→ MATERIAL PROVIDED:
• • • • • • •

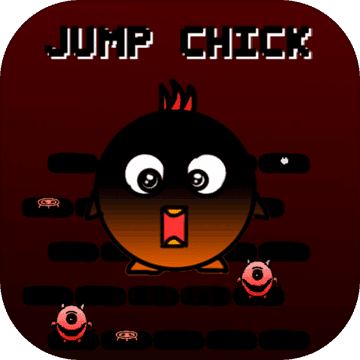 JUMP CHICK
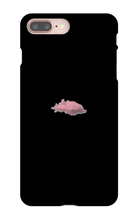 Cloudy iPhone Case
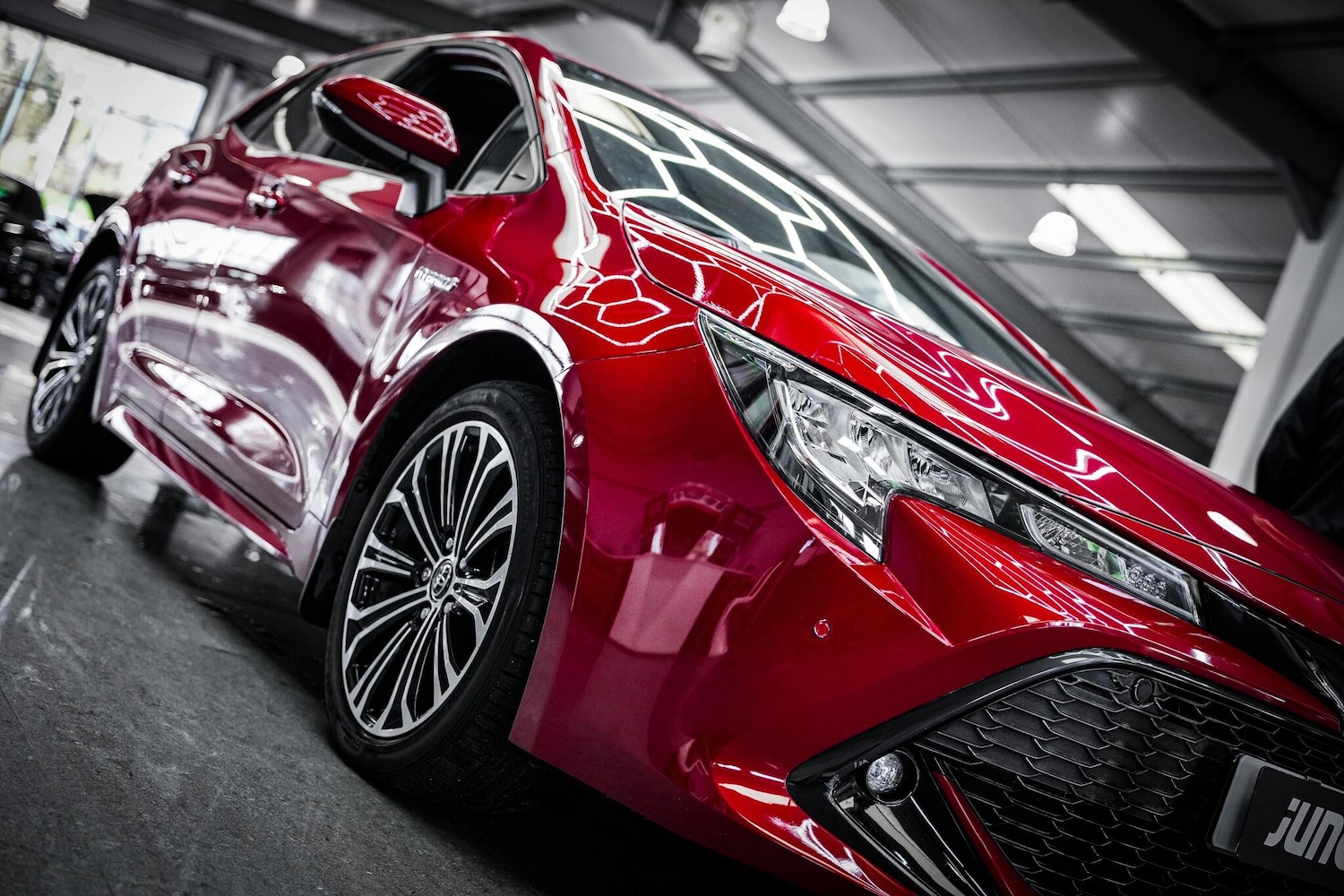 Used Toyota Corolla 2019 for sale - 77074043: Photo 31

• • • • • • •

→ WORK TO BE COMPLETED:
What is needed is an exact restatement of the lines from the line with "Cloudy iPhone Case" through the final line of the data, pictures excluded.

→ ANSWER BOX:
 Cloudy iPhone Case
 Used Toyota Corolla 2019 for sale - 77074043: Photo 31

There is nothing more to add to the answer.